Ma rencontre avec Fando et Lis fut un coup de foudre et un grand hasard car les nouvelles générations d’acteurs entendent très peu parler d’Arrabal.
Impossible de sortir indemne de cette oeuvre. Ecrite depuis plus d’un demi – siècle, elle n’a rien perdu de son actualité et de son intensité. L’univers onirique, infantile et cruel de l’auteur m’a séduit ; un monde de confusion où se côtoient « l’homme – enfant – sadique », « le sacré et le blasphématoire », « la mère et la putain ».

L’histoire est une épopée : le périple initiatique d’un couple – vagabond à la recherche d’un improbable paradis terrestre, Tar.
Lis est paralysée des jambes et se fait conduire par Fando dans une voiture d’enfant. Ils s’aiment d’un amour sincère. Or, Tar est un rêve, une utopie car personne ne sait comment l’atteindre. Fando, incapable d’assumer ses échecs et ses responsabilités s’éloigne de la réalité, contrairement à Lis, plus lucide. La dépendance des deux personnages se renforce : Lis, ne peut vivre sans Fando et celui – ci ne peut faire face à sa propre solitude.
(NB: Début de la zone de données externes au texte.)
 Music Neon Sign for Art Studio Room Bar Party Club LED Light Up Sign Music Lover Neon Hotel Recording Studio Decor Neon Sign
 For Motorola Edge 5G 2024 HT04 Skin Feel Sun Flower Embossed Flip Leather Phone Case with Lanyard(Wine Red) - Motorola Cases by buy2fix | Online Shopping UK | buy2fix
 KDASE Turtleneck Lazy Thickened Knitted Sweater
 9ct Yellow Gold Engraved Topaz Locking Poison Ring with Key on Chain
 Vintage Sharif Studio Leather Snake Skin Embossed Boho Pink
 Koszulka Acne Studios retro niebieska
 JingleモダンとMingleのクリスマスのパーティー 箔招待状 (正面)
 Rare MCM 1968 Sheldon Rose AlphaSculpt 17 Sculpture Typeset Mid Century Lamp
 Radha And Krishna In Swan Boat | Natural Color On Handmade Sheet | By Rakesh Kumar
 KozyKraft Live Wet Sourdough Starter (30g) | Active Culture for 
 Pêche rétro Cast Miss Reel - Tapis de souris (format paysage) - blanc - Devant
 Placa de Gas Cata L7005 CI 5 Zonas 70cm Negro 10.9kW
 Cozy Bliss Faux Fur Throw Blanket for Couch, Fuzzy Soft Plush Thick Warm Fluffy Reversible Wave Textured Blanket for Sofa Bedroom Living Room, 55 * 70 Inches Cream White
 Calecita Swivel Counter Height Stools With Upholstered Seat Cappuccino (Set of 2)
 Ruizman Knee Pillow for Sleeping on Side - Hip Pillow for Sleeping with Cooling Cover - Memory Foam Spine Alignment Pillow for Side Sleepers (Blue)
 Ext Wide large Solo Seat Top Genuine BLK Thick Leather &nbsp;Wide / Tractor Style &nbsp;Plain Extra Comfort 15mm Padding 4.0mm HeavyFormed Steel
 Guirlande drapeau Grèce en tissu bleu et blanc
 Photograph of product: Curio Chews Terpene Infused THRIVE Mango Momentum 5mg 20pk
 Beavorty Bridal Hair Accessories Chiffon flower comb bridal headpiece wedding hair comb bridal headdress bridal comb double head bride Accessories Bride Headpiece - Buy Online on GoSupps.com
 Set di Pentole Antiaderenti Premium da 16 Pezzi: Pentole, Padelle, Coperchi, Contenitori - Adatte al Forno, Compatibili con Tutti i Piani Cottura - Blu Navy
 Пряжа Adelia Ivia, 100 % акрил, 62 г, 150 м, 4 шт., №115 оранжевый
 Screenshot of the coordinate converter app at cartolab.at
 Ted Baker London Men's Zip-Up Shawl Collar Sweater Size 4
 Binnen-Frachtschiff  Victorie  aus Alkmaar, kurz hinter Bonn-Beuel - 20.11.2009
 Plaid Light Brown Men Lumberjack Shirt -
La violence physique de Fando et l’abandon de Lis les conduiront vers une fin tragique : la mort de l’un et le suicide probable de l’autre.
Seule la poussette restera comme témoin de leur histoire panique et éphémère.

Le trouble, l’invention et le génie d’Arrabal nous sont gracieusement offerts par l’arrivée de trois curieux personnages : Namur, Mitaro et Toso.
Dandys absurdes, génialement paradoxaux, témoins de l’incertitude, des angoisses et de la division du monde occidental.
Sous l’apparence d’augures ou de passeurs, viennent – ils apporter un message ? Burlesques et grandiloquents lorsque la situation touche au tragique, ou, au contraire, rationnels et méthodiques si trop de confusion ; ils sont les détenteurs du code arrabalien.
Ils planent sur la pièce, tels de vieux amis, et sont libres de toute interprétation.

De part son allure baroque, monter cette pièce nécessite une mise scène en constante évolution : construire et détruire pour distiller l’essentiel. Révéler l’authenticité des comédiens. Mettre en valeur la tenue du corps par le soin qu’ils apportent à leur rôle.
L’acteur, par le respect de la didascalie et de la prosodie, intègre l’essence du texte comme s’il s’agissait d’une partition afin de pénétrer la pensée de l’auteur et la dynamique des personnages qui en découle.

J’ai fait le choix d’une scénographie épurée pour servir un spectacle où se mêlent poésie et cruauté. L’intemporalité des costumes, l’énergie des maquillages et le jeu des éclairages ambres, azurs ou rouges, nous révèlent la saveur toute méditerranéenne.

Fando et Lis sont des vagabonds… Une petite voiture, un tambour… Ils s’imaginent et se racontent. Sales, fatigués…. c’est de leur misère que naissent le rêve, la beauté et la folie.